Ho proposto di dividere i ripiani del frigorifero: è scoppiato un putiferio!

Quattro anni. È da così tanto che io, mio marito e la nostra bambina di due anni viviamo sotto lo stesso tetto con sua madre, Rosalba Rossi. In un vecchio trilocale alla periferia di Firenze. Viviamo così perché non possiamo permetterci un’altra casa. Mio marito fa il meccanico, io lavoro come bibliotecaria in una scuola locale. Gli stipendi bastano appena per i pannolini, il pane e le bollette. Anche se trovassi un secondo lavoro, non ci basterebbe per affittare un appartamento. Perciò resistiamo. Ogni giorno.

Cercavo di essere grata. Dopotutto, Rosalba non è un’estranea. E anche se ha un carattere difficile, è la nonna della mia bambina. In più ci aiuta – a volte tiene la piccola mentre vado in farmacia o dal dottore. Ma col passare del tempo, tutto diventa più difficile. È come camminare su un campo minato. Un passo falso, ed esplode. All’inizio erano piccole cose: non avevo lavato il piatto subito dopo cena, non avevo pulito il piano cottura. Poi sono arrivate le critiche: «Hai lasciato la pasta a marcire di nuovo», «Perché hai mangiato il mio yogurt?» – quando non l’avevo nemmeno aperto.

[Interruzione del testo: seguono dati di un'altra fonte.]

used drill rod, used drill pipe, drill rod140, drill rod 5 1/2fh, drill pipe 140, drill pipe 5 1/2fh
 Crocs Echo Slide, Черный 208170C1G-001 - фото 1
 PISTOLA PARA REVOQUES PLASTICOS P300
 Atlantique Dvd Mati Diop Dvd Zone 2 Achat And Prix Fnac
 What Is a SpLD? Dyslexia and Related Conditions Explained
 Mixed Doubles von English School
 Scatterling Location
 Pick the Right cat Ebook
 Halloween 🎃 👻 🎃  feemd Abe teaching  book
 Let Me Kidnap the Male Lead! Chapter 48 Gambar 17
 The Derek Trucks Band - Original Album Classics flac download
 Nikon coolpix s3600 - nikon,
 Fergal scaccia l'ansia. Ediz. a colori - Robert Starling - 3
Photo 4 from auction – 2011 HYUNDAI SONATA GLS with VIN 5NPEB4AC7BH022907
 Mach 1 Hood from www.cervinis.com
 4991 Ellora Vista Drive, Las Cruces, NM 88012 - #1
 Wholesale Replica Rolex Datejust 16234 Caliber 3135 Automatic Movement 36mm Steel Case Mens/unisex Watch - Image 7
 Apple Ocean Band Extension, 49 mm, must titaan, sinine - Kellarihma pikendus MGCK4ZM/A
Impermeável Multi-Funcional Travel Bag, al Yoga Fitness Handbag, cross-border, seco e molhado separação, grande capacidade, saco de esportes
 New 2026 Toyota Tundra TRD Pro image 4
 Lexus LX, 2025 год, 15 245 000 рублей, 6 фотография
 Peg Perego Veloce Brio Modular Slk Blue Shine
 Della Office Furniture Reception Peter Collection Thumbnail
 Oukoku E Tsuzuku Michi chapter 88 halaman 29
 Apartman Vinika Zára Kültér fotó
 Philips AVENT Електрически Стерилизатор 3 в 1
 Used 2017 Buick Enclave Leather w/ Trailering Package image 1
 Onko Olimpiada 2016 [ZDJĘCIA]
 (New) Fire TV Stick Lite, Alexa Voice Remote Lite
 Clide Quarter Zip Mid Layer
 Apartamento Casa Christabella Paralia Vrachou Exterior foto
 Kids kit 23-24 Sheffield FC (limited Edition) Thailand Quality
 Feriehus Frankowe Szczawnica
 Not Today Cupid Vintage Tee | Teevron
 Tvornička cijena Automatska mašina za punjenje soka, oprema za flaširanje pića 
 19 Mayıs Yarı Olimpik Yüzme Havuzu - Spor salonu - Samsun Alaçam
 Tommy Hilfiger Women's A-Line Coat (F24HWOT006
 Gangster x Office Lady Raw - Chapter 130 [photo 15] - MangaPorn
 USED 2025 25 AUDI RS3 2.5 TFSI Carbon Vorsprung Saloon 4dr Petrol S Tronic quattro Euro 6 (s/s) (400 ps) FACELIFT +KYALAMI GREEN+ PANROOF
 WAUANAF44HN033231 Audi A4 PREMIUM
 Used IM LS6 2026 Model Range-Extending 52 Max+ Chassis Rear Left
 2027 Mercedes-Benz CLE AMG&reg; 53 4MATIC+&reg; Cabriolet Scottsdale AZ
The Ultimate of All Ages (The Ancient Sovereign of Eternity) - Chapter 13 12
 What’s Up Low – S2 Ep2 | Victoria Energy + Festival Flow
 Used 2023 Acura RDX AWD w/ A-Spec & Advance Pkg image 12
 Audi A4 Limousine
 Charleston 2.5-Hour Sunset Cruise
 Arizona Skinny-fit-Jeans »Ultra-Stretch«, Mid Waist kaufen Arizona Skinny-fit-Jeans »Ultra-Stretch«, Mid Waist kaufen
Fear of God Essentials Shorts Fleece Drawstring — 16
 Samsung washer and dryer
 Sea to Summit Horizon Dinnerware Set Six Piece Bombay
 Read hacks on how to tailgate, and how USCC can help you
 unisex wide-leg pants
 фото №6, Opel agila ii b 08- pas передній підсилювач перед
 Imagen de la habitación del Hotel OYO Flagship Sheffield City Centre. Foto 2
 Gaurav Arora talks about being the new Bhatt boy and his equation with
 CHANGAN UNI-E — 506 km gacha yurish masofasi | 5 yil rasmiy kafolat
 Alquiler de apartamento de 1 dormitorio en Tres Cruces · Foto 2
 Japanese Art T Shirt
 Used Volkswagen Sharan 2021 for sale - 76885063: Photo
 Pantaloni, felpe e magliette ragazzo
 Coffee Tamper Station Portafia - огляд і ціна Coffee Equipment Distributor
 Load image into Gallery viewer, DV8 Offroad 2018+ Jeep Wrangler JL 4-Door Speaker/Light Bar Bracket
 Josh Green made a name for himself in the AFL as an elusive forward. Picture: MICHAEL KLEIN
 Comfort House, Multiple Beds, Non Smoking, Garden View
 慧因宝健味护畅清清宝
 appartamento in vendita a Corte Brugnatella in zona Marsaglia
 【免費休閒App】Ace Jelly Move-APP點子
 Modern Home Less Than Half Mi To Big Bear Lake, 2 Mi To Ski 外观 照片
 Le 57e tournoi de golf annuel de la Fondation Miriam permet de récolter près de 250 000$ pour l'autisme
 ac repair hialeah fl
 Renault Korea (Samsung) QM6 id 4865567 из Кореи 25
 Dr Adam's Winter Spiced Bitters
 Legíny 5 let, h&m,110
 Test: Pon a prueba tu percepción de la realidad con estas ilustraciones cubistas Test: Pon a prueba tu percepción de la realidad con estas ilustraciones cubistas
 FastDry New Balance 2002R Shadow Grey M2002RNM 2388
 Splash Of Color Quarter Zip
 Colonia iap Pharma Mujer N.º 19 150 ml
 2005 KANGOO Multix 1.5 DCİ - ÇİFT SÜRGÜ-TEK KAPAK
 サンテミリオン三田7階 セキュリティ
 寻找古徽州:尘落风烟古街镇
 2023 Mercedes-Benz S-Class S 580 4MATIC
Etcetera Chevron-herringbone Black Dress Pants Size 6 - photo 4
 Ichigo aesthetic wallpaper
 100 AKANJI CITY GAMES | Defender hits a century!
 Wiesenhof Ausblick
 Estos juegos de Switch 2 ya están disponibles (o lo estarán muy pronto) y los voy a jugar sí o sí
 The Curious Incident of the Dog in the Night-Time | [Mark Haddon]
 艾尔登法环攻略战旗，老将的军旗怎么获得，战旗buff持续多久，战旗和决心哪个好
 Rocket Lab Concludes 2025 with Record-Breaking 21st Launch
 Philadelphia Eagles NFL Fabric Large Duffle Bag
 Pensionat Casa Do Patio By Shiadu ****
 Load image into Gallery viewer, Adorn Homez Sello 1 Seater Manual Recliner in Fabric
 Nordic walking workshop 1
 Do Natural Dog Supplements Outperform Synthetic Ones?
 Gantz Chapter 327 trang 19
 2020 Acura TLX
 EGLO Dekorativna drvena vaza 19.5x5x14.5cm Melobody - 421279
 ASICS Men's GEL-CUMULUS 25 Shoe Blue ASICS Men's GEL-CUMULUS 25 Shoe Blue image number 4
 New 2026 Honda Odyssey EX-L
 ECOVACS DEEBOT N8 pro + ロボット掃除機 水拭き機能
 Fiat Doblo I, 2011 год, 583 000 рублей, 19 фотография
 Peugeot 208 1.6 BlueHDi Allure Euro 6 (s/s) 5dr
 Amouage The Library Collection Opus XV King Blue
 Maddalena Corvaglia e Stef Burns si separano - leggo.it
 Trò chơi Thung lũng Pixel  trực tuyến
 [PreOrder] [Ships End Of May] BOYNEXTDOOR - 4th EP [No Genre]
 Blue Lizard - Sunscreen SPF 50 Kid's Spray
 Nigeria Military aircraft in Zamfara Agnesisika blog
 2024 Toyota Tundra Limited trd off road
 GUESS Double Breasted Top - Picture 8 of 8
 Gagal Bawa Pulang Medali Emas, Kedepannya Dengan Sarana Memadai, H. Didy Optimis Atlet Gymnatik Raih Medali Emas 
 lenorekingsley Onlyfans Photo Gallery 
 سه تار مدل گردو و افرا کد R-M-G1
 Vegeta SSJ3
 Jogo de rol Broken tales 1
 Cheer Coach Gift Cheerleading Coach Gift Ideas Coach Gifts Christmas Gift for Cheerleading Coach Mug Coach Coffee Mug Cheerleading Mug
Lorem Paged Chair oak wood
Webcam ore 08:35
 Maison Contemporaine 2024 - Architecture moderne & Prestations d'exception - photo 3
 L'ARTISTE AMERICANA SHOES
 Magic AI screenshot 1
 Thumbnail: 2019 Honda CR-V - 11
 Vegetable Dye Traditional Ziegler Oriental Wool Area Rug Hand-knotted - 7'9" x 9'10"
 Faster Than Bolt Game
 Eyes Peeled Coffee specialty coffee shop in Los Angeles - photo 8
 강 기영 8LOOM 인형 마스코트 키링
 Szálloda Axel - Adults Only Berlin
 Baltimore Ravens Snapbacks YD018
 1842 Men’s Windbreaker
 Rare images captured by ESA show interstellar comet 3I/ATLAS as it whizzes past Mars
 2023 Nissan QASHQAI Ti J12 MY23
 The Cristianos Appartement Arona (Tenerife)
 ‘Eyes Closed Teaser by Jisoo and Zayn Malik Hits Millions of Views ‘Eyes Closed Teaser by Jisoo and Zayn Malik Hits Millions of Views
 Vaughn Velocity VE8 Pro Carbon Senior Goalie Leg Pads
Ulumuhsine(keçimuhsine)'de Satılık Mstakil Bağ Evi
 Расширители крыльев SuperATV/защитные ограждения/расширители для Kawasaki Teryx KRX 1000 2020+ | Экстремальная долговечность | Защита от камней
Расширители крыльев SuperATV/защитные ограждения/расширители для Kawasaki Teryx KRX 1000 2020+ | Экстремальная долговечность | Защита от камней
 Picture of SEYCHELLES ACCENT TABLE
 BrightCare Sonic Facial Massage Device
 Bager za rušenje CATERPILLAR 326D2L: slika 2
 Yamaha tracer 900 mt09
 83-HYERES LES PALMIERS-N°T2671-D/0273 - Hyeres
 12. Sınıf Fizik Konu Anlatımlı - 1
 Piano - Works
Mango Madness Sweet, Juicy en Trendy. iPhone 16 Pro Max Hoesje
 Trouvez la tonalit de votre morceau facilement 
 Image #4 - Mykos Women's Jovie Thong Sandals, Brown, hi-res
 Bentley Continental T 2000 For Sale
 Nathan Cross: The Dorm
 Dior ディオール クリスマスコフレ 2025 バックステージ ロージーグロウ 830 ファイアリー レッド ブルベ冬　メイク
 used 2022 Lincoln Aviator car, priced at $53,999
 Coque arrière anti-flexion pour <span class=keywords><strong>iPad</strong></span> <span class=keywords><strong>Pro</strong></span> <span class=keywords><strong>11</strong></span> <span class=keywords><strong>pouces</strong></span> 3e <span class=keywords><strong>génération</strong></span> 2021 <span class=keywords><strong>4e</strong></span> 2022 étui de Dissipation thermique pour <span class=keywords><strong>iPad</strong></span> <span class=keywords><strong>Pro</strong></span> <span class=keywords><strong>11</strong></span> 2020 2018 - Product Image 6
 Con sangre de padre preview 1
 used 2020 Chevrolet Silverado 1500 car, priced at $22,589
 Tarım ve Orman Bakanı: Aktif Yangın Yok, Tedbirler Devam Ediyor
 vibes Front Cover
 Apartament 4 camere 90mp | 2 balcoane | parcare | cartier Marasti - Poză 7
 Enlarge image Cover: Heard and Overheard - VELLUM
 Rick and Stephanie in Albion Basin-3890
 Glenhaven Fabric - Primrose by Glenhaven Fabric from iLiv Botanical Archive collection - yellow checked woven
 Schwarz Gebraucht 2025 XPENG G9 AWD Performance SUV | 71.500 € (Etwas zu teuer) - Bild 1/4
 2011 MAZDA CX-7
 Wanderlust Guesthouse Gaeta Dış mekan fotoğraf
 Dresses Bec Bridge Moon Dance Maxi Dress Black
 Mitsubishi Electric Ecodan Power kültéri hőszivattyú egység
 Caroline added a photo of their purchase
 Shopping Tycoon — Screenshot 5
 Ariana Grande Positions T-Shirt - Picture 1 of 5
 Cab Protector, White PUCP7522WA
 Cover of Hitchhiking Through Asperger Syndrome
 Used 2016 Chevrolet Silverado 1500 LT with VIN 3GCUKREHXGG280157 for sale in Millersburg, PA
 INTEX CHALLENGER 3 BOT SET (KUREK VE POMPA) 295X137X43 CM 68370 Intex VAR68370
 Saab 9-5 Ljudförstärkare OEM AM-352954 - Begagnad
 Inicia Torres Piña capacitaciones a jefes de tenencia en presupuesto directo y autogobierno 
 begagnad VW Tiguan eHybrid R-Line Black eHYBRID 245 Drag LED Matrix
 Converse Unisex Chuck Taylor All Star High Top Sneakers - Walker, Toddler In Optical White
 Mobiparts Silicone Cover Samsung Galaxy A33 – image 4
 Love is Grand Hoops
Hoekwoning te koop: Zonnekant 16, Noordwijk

Sopportavo. Davvero. Ma una volta, quando mi ha accusata di aver fatto sparire la sua minestra di pollo, non ce l’ho fatta più. Ho proposto di dividere il frigorifero. Onestamente e con buone intenzioni: lo scaffale in alto per lei, quello centrale per noi. Lei cucina per sé, noi per noi. Niente più rimproveri. Ognuno avrebbe avuto il suo.

Rosalba è rimasta immobile, poi è esplosa:

«Ma che ti salta in mente?! Neanche quando vivevo in un collegio universitario con sei ragazze in una stanza si divideva il frigorifero! Tutto era comune. E voi che siete, famiglia o coinquilini?! Vuoi che io prepari la minestra e voi mi dici: “No, grazie, abbiamo il nostro”? Come spieghi a una bambina di due anni che la banana sullo scaffale in basso è della nonna e non può toccarla?! Ma che assurdità! Non nella mia casa!»

Ed è vero – è casa sua. Non ci lascia mai dimenticarlo. Se osiamo fare qualcosa – persino appendere un asciugamano nuovo o spostare una tazza – lei subito ricorda: «Questa è la mia casa. E si fa come dico io». Non lascia spazio a dubbi. Parla chiaro.

D’altra parte, lei sa dove comprare la carne più economica, in quale negozio il formaggio è in offerta, e dove trovare le verdure scontate. Corre da un mercato all’altro con gli orari in testa e porta a casa sacchetti di cibo spendendo pochi euro. A volte la invidio – io non ho tempo né forza per queste maratone. Compro quello che trovo vicino a casa. E sì, costa di più. Lei invece è come un cecchino: punta, aspetta, e colpisce. Ma poi tutto diventa motivo di lamentele. «Io mi sforzo, perdo tempo, e voi fate solo critiche!»

Ho provato a parlarne con mio marito. Gli ho detto: affittiamo anche un monolocale, anche fuori città. Basta vivere da soli. Ma lui non vuole. «Non ce la facciamo. Mamma non ce la farebbe da sola. Si offenderebbe…» – e così ogni volta. Lui ha paura di offenderla, io invece ogni giorno mi sento offesa. Solo a me nessuno pensa.

Rosalba dice che le cene insieme rafforzano la famiglia. Ma da noi finiscono sempre con urla, porte sbattute e silenzio per una settimana. A volte sogno solo di sedermi a tavola e mangiare in pace. Senza paura che qualcuno dica: «Perché l’avete mangiato questo? Lo avevo lasciato per domani!» Oppure: «Di nuovo non hai pulito il tavolo!»

Sono stanca. Ma non c’è via d’uscita. Siamo bloccati tra generazioni, tra povertà e la necessità di sopportare. Vorrei andarmene. Vivere, non sopravvivere. Ma per ora non resta che aspettare. Aspettare che la bambina cresca, che mio marito trovi coraggio, che mettiamo da parte abbastanza per un affitto…

E ogni volta che apro il frigorifero, non sento solo lo scricchiolio dello sportello. Sento un urlo: «Qui comando io!»